Hugo, en Ce que dit la bouche d’ombre, escribe que el espectro que en el Infierno toma para Caín la forma de Abel es el mismo que Nerón reconoce como Agripina.

Harto más grave que la acusación de anticuado es la acusación de crueldad. Nietzsche, en el Crepúsculo de los ídolos (1888), ha amonedado esa opinión en el atolondrado epigrama que define a Dante como “la hiena que versifica en las sepulturas”. La definición, como se ve, es menos ingeniosa que enfática; debe su fama, su excesiva fama, a la circunstancia de formular con desconsideración y violencia un juicio común. Indagar la razón de ese juicio es la mejor manera de refutarlo.

Otra razón, de tipo técnico, explica la dureza y la crueldad de que Dante ha sido acusado. La noción panteísta de un Dios que también es el universo, de un Dios que es cada una de sus criaturas y el destino de esas criaturas, es quizá una herejía y un error si la aplicamos a la realidad, pero es indiscutible en su aplicación al poeta y a su obra.
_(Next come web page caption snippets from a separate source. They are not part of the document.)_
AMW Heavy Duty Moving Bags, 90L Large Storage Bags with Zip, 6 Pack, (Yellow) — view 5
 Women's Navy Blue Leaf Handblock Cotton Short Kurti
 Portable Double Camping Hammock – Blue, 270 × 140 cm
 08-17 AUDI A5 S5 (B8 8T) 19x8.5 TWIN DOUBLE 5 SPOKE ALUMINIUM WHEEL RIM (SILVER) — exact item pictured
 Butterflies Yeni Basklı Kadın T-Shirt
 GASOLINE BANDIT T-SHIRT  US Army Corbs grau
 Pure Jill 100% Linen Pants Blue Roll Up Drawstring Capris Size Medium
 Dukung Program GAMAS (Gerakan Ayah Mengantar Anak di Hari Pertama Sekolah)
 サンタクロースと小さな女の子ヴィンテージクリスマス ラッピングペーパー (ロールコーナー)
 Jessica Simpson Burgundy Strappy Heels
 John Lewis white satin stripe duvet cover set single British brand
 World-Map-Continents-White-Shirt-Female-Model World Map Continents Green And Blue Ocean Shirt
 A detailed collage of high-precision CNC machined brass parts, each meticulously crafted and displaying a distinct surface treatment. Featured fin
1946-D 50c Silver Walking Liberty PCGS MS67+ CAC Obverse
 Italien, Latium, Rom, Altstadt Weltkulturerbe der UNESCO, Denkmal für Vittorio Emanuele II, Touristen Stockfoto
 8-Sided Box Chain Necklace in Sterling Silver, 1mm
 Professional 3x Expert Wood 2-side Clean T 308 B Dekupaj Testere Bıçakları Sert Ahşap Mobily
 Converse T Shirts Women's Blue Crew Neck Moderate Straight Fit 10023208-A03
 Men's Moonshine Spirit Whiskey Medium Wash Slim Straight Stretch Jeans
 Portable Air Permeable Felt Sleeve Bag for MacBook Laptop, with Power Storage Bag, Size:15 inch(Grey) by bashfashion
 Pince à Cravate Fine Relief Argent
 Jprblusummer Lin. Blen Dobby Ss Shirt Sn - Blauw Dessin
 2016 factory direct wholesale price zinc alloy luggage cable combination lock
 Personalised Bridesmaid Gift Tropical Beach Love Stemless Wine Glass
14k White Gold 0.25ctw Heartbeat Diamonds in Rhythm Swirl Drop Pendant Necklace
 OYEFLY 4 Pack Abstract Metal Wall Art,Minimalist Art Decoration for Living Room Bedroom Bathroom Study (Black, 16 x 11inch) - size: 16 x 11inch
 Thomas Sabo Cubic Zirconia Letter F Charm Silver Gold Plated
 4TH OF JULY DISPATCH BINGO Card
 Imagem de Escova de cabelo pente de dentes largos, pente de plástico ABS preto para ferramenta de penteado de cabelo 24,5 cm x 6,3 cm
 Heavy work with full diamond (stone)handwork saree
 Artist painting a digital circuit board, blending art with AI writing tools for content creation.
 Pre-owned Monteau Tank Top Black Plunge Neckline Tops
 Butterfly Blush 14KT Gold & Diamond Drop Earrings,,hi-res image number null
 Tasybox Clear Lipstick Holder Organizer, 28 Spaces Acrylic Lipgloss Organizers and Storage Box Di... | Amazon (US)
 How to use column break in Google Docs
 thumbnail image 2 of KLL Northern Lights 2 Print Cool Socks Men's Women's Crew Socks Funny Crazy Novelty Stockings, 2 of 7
El poeta es cada uno de los hombres de su mundo ficticio, es cada soplo y cada por menor. Una de sus tareas, no la más fácil, es ocultar o disimular esa omnipresencia. El problema era singularmente arduo en el caso de Dante, obligado por el carácter de su poema a adjudicar la gloria o la perdición, sin que pudieran advertir los lectores que la justicia que emitía los fallos era, en último término, él mismo. Para conseguir ese fin, se incluyó como personaje de la Comedia, e hizo que sus reacciones no coincidieran, o sólo coincidieran alguna vez—en el caso de Filippo Argenti, o en el de Judas—con las decisiones divinas.